I am looking for a liitle advice. I have built several cabinets with raised panel doors. I have gotten a couple of calls that the doors have come apart. I have never had any trouble building doors in the past. I made the panels 1/8 inch smaller and put in a rubber insert. My question is did I not allow enough for panel expansion?


----------



## AandCstyle (Mar 21, 2012)

We need more info:
1. What wood species?
2. Is it flat sawn or quartered?
3. What is the width of the panels?
4. What was the moisture content of the panels when you made the doors? At least what was the relative humidity when you made them?
5. Did they go from a dry climate (desert SW) to a humid climate (south Florida)?
6. Are the doors located next to the dishwasher by chance?
7. Any additional info you can provide?


----------



## bondogaposis (Dec 18, 2011)

Which has come apart, the rails from the styles or did the panel split?


----------



## jtrill (Apr 25, 2013)

the doors are red oak and flat sawn. I am not sure of the moisture but I bought the lumber from the same sawmill that I have in the past, but it was kiln dried. THe panels are different widths from six inches to eighteen inches or so. They are breaking where the stile and rail meet. The panels are fine. The only thing that I have done different was added an insert similar to space balls. Some doors were made in the winter and some in early spring so I am not sure if the humidity could be involved.


----------



## joeyinsouthaustin (Sep 22, 2012)

IMO it leads to the spacer and expansion. Is the break at the stile/rail joint clean?? that would be a glue/gluing issue, or is the wood splitting at the joint, that would lead to expansion problem.


----------



## Loren (May 30, 2008)

Using fresh glue?

If kids hang on cabinet doors with rail and stile
joints it can break them.


----------



## skipj (Mar 6, 2012)

It could be a number of things. I use space balls and have 3/16 in. all around. I have seen rased panel
doors shrink 1/8 in kitchens the winter and go back in summer. It could go the other way depending on
alot on the other things.so the 1/8 in could be a factor.


----------



## longgone (May 5, 2009)

"The only thing that I have done different was added an insert similar to space balls." 
If it has not happened before then the insert similar to the space balls would seem to be the culprit…


----------



## HorizontalMike (Jun 3, 2010)

I have more questions than answers, but am very interested in how this pans out. For me, I have only built two projects thus far that have panels, a blanket chest and raised panel doors on a sideboard.

Just as @jtrill has done, I have used 1/8in at the most on my panels. No problems thus far. I understand that that is no guarantee for the future.

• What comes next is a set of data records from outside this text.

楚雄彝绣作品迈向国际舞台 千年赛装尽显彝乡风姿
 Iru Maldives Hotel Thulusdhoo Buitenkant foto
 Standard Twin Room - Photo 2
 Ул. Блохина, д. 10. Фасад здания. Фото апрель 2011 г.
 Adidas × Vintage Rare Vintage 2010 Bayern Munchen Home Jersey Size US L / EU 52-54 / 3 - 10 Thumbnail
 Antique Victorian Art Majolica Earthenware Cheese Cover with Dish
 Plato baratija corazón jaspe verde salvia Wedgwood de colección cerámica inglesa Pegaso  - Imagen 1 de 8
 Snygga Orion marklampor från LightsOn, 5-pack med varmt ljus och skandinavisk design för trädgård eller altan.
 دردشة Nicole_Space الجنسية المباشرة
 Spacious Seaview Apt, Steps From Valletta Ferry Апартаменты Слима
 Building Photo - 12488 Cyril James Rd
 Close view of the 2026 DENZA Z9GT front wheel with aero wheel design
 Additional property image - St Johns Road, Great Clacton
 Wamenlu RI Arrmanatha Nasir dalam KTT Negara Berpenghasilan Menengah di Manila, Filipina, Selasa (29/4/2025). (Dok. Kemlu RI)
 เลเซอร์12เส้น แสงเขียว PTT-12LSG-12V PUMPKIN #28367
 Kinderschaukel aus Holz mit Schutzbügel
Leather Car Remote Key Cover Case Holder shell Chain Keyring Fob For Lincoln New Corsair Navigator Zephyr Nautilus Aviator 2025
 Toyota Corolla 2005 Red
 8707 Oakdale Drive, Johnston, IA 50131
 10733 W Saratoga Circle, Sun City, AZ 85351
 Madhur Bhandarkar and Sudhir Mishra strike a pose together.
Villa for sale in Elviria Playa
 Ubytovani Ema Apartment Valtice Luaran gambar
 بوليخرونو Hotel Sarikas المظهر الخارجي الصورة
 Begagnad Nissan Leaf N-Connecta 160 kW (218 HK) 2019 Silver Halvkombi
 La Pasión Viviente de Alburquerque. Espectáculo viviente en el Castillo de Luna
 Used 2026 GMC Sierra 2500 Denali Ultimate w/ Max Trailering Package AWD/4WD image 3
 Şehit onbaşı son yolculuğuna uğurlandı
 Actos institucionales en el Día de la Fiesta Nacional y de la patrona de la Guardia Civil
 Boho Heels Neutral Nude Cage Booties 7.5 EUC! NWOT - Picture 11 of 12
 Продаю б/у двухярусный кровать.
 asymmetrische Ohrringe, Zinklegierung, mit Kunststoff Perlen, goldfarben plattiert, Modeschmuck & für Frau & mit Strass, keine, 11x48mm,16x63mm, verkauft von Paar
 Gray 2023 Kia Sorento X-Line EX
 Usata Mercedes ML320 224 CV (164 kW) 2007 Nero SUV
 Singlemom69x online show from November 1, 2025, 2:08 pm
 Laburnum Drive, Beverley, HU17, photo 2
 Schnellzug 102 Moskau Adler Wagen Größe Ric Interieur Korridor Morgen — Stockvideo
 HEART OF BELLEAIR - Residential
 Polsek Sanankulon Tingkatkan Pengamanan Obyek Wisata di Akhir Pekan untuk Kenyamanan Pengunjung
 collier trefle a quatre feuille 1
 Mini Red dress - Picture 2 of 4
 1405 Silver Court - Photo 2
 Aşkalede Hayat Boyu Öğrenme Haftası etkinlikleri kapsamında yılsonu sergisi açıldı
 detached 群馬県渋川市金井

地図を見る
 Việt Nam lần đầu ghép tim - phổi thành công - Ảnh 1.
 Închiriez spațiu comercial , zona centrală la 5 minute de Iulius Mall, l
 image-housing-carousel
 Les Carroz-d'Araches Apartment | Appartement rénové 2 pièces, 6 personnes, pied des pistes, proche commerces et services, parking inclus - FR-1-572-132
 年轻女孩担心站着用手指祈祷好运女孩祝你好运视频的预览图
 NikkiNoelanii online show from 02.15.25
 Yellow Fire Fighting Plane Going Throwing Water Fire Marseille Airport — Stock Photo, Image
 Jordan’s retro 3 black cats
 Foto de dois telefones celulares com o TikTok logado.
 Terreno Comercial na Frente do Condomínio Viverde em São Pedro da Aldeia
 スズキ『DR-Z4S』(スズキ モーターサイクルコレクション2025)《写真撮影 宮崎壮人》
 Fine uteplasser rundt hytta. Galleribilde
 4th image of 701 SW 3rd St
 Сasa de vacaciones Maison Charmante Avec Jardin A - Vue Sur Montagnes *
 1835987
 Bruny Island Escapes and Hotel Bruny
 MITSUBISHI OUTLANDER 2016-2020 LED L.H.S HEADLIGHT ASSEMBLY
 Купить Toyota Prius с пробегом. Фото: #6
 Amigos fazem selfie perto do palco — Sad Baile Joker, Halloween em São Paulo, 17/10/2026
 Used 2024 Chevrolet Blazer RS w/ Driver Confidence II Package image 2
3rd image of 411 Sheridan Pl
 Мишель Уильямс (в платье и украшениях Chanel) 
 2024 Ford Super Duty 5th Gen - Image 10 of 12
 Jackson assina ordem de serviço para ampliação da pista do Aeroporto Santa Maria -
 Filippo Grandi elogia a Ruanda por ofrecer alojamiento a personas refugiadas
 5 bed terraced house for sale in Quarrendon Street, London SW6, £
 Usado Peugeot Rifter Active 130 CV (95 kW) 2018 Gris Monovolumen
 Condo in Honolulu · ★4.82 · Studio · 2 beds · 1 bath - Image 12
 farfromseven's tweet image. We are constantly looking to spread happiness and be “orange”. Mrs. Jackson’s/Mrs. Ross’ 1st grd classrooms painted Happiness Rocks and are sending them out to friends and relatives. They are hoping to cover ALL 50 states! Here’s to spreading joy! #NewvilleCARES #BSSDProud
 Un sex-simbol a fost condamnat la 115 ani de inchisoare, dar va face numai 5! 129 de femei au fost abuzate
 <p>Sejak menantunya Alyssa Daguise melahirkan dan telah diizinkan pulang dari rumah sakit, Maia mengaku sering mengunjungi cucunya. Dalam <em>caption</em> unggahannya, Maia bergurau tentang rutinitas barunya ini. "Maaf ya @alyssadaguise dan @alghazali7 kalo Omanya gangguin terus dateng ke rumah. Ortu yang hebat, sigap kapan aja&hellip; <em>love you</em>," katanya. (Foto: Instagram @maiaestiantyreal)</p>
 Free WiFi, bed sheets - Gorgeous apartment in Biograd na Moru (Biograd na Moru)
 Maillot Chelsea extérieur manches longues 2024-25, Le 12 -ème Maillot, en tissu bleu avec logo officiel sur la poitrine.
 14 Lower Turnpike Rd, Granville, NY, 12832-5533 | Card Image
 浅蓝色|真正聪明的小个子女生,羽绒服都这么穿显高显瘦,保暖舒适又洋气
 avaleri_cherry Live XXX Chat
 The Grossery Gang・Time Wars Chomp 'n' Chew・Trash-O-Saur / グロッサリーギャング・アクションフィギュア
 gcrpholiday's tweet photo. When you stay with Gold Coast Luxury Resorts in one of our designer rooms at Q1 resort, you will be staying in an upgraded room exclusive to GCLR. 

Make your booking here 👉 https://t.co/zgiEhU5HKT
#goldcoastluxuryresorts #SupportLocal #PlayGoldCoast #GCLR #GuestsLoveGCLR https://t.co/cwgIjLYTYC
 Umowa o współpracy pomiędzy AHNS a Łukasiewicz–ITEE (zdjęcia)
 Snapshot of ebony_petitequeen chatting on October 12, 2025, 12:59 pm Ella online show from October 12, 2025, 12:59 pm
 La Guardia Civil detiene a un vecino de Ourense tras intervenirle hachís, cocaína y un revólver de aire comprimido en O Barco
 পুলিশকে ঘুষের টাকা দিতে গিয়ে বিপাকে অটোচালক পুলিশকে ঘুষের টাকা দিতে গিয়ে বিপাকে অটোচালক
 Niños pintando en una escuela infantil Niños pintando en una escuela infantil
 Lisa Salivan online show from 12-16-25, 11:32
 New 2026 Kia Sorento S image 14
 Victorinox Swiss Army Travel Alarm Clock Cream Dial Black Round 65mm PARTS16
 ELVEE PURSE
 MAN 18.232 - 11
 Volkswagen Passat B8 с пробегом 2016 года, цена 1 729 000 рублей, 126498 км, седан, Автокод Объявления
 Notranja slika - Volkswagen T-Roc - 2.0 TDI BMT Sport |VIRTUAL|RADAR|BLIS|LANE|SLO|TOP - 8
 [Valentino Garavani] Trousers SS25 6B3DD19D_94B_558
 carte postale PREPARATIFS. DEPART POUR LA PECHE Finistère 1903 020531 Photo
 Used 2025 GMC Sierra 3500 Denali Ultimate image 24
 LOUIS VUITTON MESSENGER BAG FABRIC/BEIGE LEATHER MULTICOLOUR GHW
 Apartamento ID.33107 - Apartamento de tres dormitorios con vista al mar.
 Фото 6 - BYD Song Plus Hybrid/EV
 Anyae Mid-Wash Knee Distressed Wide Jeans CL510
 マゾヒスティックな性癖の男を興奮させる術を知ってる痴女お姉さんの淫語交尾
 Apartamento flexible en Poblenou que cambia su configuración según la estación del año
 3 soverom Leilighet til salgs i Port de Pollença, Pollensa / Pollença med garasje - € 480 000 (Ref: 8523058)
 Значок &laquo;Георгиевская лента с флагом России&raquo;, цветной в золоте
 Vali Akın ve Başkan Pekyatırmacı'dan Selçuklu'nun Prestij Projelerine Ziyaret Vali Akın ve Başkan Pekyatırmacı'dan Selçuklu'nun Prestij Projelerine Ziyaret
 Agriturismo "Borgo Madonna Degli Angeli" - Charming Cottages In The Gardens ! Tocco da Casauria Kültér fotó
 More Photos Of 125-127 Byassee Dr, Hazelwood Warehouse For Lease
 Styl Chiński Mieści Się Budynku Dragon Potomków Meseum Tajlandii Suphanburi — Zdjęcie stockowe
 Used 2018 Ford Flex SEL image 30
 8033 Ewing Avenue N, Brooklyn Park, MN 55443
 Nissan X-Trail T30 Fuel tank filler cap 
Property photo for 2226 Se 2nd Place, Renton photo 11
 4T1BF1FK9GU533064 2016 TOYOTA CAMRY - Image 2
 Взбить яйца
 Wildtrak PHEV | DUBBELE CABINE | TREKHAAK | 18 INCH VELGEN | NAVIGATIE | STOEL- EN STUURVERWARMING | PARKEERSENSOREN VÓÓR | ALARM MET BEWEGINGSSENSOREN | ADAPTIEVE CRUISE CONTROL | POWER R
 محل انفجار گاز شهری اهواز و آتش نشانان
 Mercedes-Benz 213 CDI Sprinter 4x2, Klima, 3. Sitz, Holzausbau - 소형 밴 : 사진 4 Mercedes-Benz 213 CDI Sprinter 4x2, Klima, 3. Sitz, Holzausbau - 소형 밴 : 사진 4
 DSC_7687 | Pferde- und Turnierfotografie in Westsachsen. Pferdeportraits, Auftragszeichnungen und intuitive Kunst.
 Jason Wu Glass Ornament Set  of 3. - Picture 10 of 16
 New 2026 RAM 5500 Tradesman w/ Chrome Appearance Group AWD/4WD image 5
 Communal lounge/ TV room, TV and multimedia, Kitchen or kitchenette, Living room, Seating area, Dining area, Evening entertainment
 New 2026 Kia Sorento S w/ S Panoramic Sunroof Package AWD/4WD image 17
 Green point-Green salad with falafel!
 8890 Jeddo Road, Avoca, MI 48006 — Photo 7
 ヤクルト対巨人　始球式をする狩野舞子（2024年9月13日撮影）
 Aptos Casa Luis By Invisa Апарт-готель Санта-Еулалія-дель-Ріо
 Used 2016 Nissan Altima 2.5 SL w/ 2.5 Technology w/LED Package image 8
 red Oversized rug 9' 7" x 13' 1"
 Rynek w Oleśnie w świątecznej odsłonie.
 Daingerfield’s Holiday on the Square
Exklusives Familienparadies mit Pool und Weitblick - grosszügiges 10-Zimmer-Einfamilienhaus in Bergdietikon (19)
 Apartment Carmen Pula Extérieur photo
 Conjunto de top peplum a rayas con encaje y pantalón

My questions would be with regards to the environmental conditions where these joints have/are failing:

 Are they in a constantly changing temp?
 Are they in constantly changing humidity + - ?
 Did it occur in a particular Season?
 What type of heating/AC was utilized in those home environments?

I do NOT expect you to answer all questions in detail, but just wanted to suggest another direction to look into and/or research.


----------



## a1Jim (Aug 9, 2008)

What kind of joinery did you use for the stiles and rails ?


----------



## joeyinsouthaustin (Sep 22, 2012)

Something just dawned on me. On raised panel expansion doesn't matter if the panel rise starts to soon. If you didn't leave enough "flat" before what ever profile you used, it will bind in the mortise and push to door apart. Often times it will crack at this point, but oak could be strong enough to break the joint first. Pics of the failure would be helpful, but this would explain it. 1/8" should be plenty for expansion…. unless it is not actually 1/8" because it is binding on the panel profile, front or back.


----------



## AandCstyle (Mar 21, 2012)

The Shrinkulator indicates that a 6" tangential red oak panel will move 0.14" as the relative humidity goes from 30% to 70%. This seems to be a reasonable range to me given the seasonal humidity change. Leaving 0.125" for expansion and included spaceballs would appear to be inadequate.


----------



## jtrill (Apr 25, 2013)

Joey 
I layout the door to figure the size of the panel and then I subtract an 1/8 inch in width and length. I have not used the rubber inserts until the last couple of kitchen jobs. I was always taught 1/8 inch but we didn't use the inserts before. Anyone have an idea on how to fix or do I need to tear apart the doors, cut the panels down and make new stile and rails? Any help would be appreciated.


----------



## patron (Apr 2, 2009)

i leave 1/8" both sides when i use the 'spaceballs'

the other way we did it for years was to make the panel exact
to the slot dimensions
and them trim of bot sides 1/8" 
1/16" top and bottom
(so the profile is centered still)
and when the rails and stiles are glued up
move the panel to center
and pin nail it top and bottom
with short pins
so it can move one half the panel expansion
to each side yet still be centered
a dab of glue in the center of the top and bottom rails grove will do the same
just need to move the panel fast
before the glue sets


----------



## fge (Sep 8, 2008)

we use spaceballs, we allow 1/8" per side which would mean a 1/4" deduction for width and height. Never any real issues.

You might be able to re-glue, clamp and then pin the back side of the joint with a 18g 5/8" brad. I somehow doubt it will work because I think your panel is simply too large with using the spaceballs. If you have to remove the panel that could turn into quite the job. Especially if you are dealing with stain or paint grade finish.


----------



## joeyinsouthaustin (Sep 22, 2012)

I am with the others. I also use spaceballs, and use 1/8" each side, not total. Pics would be helpful to determine repair, but if you only have an expansion of 1/16" each side I would re-make. Also you didn't answer about if the profile of the panel might be binding on the stile and rail. this would be something to check, depending on the panel profile. However we all need a little more info to help. Still don't know if the wood cracked or the joint failed. To help determine if it is a glue failure, expansion failure, or both.


----------



## jtrill (Apr 25, 2013)

I would say that the joint failed because most of them have pushed the joint apart. I have re-glued the doors and put a pin nail in it. If I have to remake the doors, I can. Most of the cabinets are for people that I know and they would understand. Interesting fact is that most of the doors that have come apart are a long double vertical panel door.


----------